Friday, March 20, 2015

First Word: Tessa Too-Kong: Carpet


A consignment of eleven hand-knotted Persian carpets appeared one day at our home in the country. My parents had bought the lot off the wharf. It was the ‘sixties, a ship laden with carpets had escaped Iran and found no port to dock until it reached Georgetown. This boon flooded the house with colour.
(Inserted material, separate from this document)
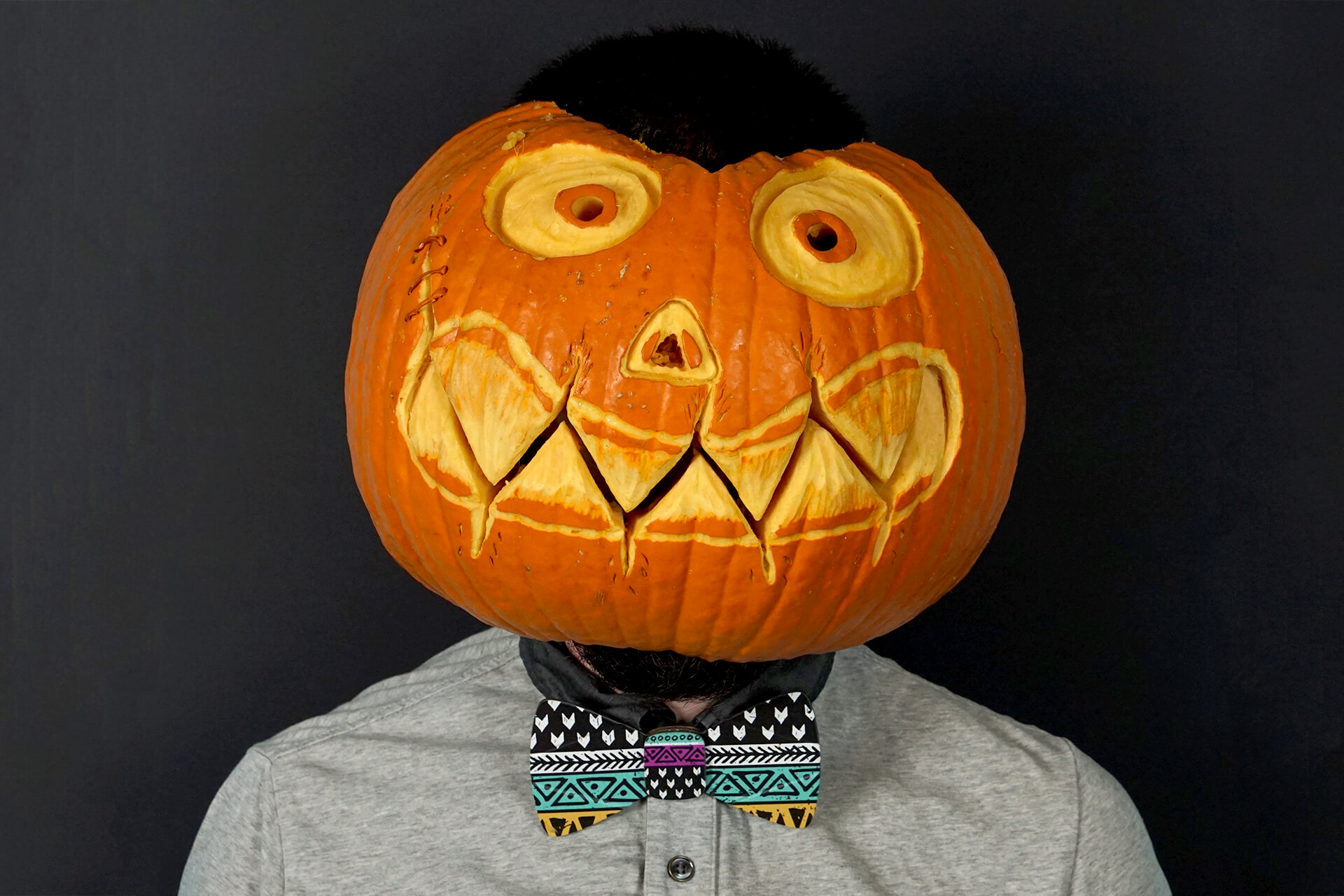 A lifestyle shot of the cardboard doodle bow tie on someone wearing a pumpkin head.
            The largest was a thick garnet-red pile Iran Tabriz Shuhai Bat desert carpet, ten by thirteen feet with intricate diamond-shaped geometric patterns in petroleum blue and russet, laid out in the living room and out of bounds to us children. We were allowed to walk around the edges and admire the motifs, and only step into the mystical quadrangle when invited. There, my mother would teach us their names and show us how to work out the knot density and value the imperfections as authenticity. The tribal craftsmen believed that God was the only perfect being, hence the Persian saying that “a Persian carpet is perfectly imperfect, and precisely imprecise.”  Two other carpets were hung on the walls, the small Mori in the dining room a dark, blood-red prayer rug with an arched gold minaret design, and the creamy silk-inlaid Keshan in the living room with its pale rose and gold pattern of trellised flowers and birds, not unlike an oriental garden. The Kharak Mosul  with its huge central medallion lay in the dining room, the delicate Russian Bokharas (my favourites) of warm ruby, topaz and sapphire with their octagonal patterns were scattered around like gleaming jewels on the polished floors.
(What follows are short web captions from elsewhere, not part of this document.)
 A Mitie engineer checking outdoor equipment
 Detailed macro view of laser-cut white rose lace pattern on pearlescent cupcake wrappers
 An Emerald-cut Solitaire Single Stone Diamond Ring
            It was like travelling the ancient Silk Road to Samarkand when we had to skirt around the carpeted landscape to get to the piano and playroom beyond, a corner behind the front staircase just below the steep tower stairs (that were also out of bounds). That tower room gave a magnificent panoramic view of the ocean, cane fields, village cricket ground, canals and back dams, making you lord of all you surveyed, looking down on nature’s carpet of lush greens and mud browns. It was our dream house, complete with the ghost of the previous owner, who walked the corridors at twilight trailing a scent of liniment behind him, to the chimes and chants of the Hare Krishna monks across the canal. We children were certain he lived in the tower room. My mother had the Swami, Father and the Minister over to exorcise him. He never came back. I wondered what his restless spirit had been seeking.  I was glad he at least got to see our carpets.